The IRS expert opined that a 5 -10% marketability discount was warranted. Within the 5 -10% range, he thought that 7.5% would reflect a reasonable compromise between a buyer and a seller.
The Court analyzed the two approaches to the marketability discount, highlighting that a key difference was the assumption of whether or not those scheduled redemptions would occur. The Court agreed with the IRS expert’s assumption, applying a 7.5% marketability discount, based on the following points:
- The redemption offers were binding contracts by the time Mr. Koons died on March 3, 2005;
- CI LLC had made written offers to each of the children to redeem their interests in CI LLC on December 21, 2004;
- Each of the four children had signed an offer letter by February 27, 2005;
- Once signed, the offer letters required the children to sell their interests in CI LLC to CI LLC.
With Regard to the Interest Expense Deduction
To raise money to pay for the Estate tax liabilities, the Trust borrowed $10.75 million from CI LLC in 2006. Because the installments were deferred for over 18 years, the interest component of the installments was high: it totaled $71,419,497.
According to the Court, administration expense deductions against the gross estate are limited by regulation to such expenses as are actually and necessarily incurred in the administration of the decedent’s estate, such as the collection of assets, payment of debts, and distribution of property to persons entitled to it.

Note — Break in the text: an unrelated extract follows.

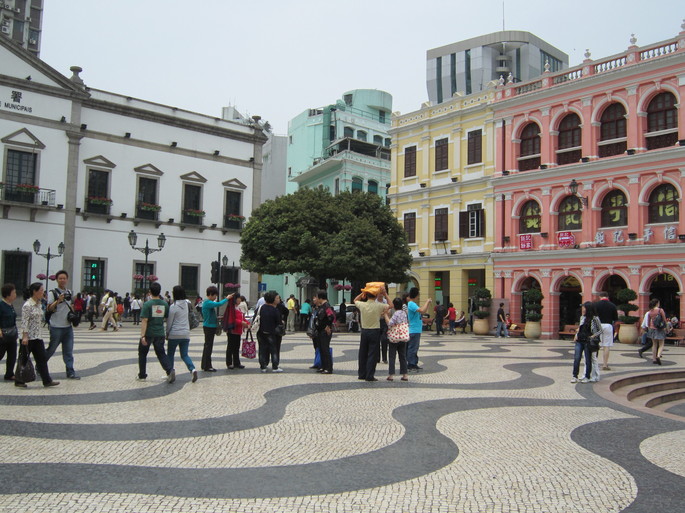 Praça em Macau cercada de prédios com arquitetura colonial portuguesa. O passeio é revestido em calçada portuguesa.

Expenditures not essential to the proper settlement of the estate, but incurred for the individual benefit of the heirs, legatees, or devisees, may not be taken as deductions.
The Court concluded it was not necessary for the Trust to borrow the $10.75 million from CI LLC in order to pay the federal tax liabilities:
- When it borrowed the money on February 28, 2006, the Trust had a 70.42% voting control over CI LLC, and CI LLC had over $200 Million in highly liquid assets.
The Trust had the power to force CI LLC and its Board of Managers to make a pro rata distribution to its members, including the Trust itself.
- The Trust’s ability to force CI LLC to distribute assets made it unnecessary for the Trust to borrow from CI LLC.
- Lending money to the Trust did not avoid the necessity of making distributions altogether; it merely postponed the necessity. Furthermore, the Estate must remain active long enough for the loan to be repaid.
- The loan repayments are due 18 to 25 years after the death of Mr. Koons. Keeping the Estate open that long hinders the “proper settlement” of the Estate.
Since the loan was not necessary to the administration of the Estate, the projected interest to be paid under the loan is not a deductible administration expense of the Estate.
It appears that Mr. Koons’ careful estate planning, involving a significant sale and redemption transaction of business operations to provide liquidity and flexibility in his later years, was disrupted by an untimely death. The consideration of a loan component extending the life of the estate for many years beyond the date of death was an over-reach, and possibly could have been addressed after the redemption transaction. Furthermore, that redemption transaction clearly put the Trust in a voting control position. The IRS and the Court considered that contractual obligation to be a driving factor, thereby limiting the marketability discount. That controlling interest position would also likely have been addressed in a future estate planning strategy.
While estate planning professionals can hardly advise against a premature passing, the disruption here highlights the importance of starting early with business valuation input to help avoid a complex confluence of strategic transactions within a narrow time frame.